**PROMPT**
Exactly the lines from the one containing "티셔츠와 청바지를 입고" through the one containing "Business Professionals Collaborating" in the listing below are to be copied, with the pictures left out.

**AVAILABLE DATA**
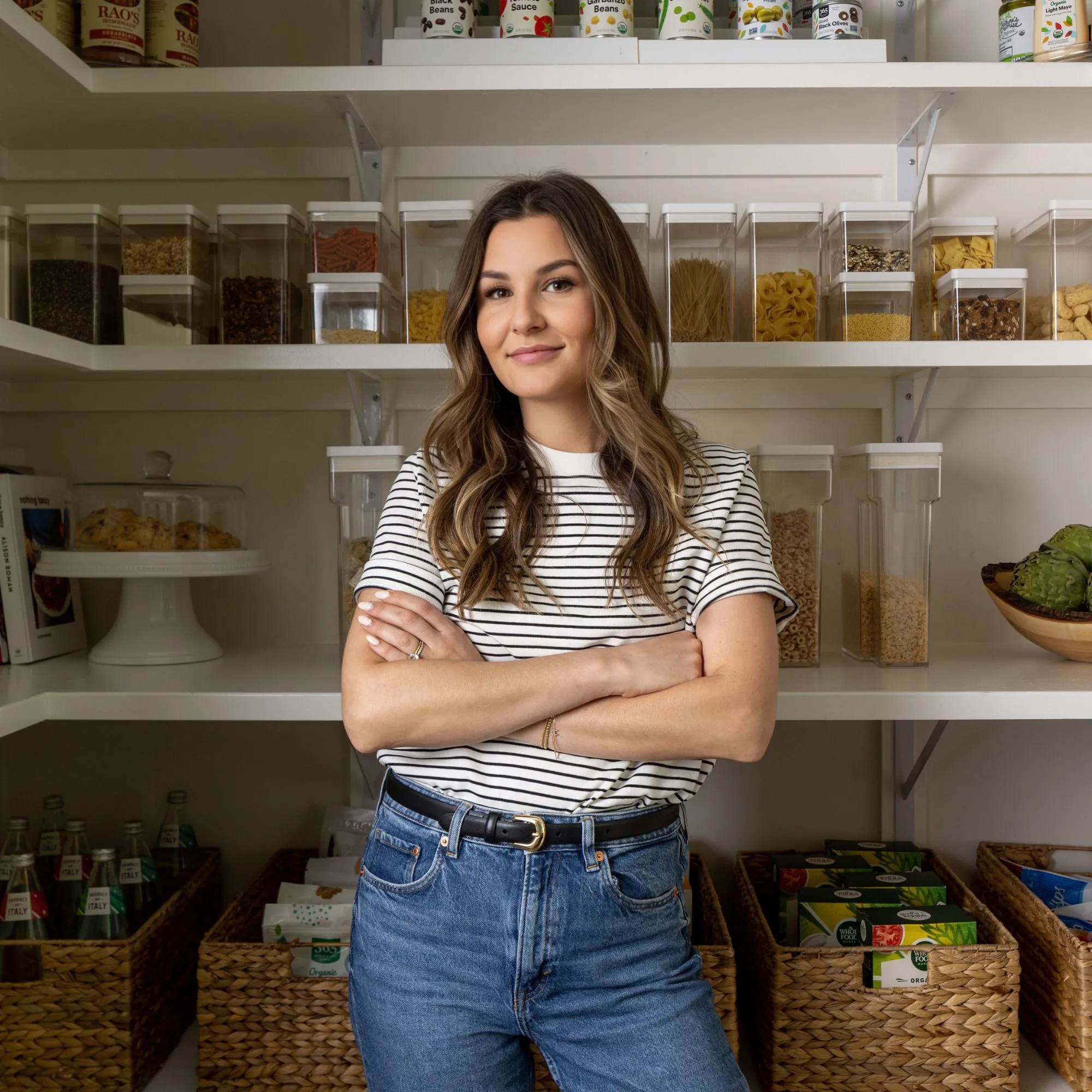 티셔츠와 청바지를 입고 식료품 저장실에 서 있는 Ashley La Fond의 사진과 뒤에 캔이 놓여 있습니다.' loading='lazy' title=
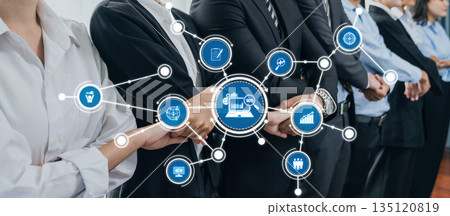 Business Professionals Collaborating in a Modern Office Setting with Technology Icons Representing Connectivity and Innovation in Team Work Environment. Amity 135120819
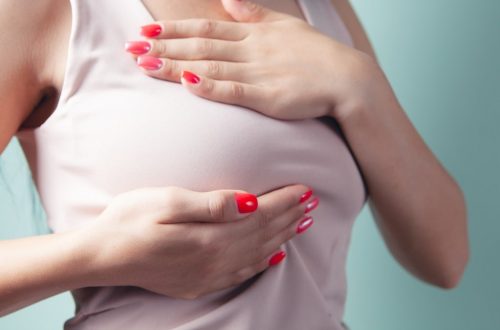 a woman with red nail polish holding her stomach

---

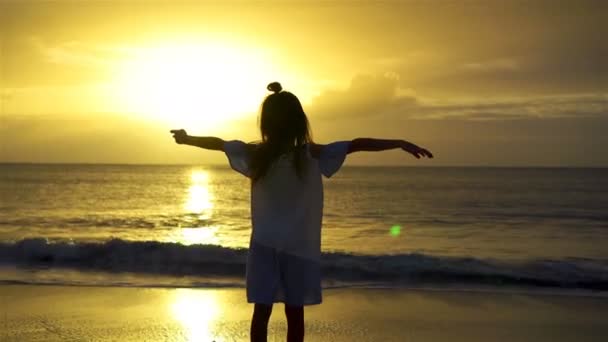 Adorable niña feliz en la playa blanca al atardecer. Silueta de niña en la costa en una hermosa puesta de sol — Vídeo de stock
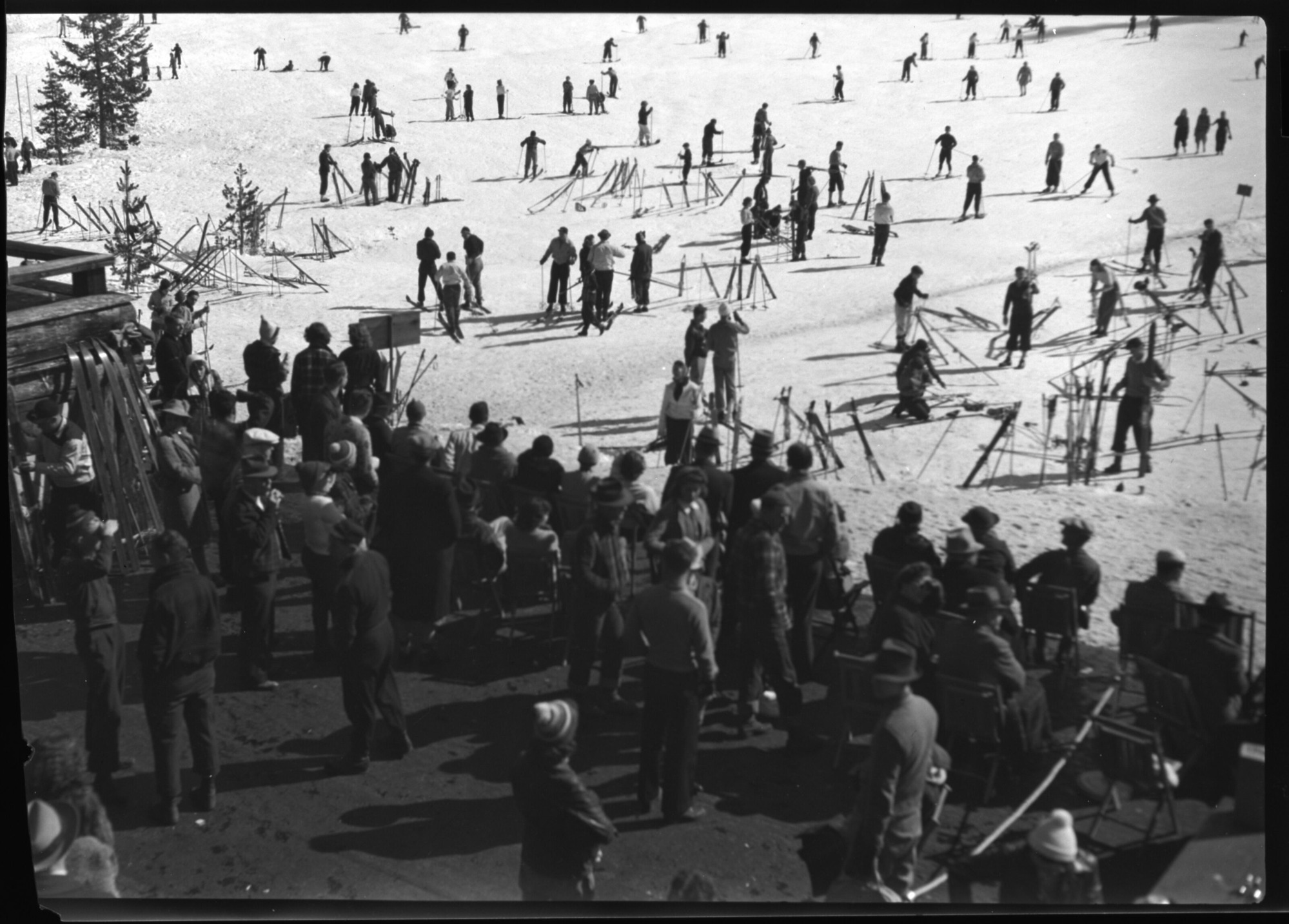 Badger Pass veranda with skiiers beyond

**WORKED SOLUTION**
 티셔츠와 청바지를 입고 식료품 저장실에 서 있는 Ashley La Fond의 사진과 뒤에 캔이 놓여 있습니다.' loading='lazy' title=
 Business Professionals Collaborating in a Modern Office Setting with Technology Icons Representing Connectivity and Innovation in Team Work Environment. Amity 135120819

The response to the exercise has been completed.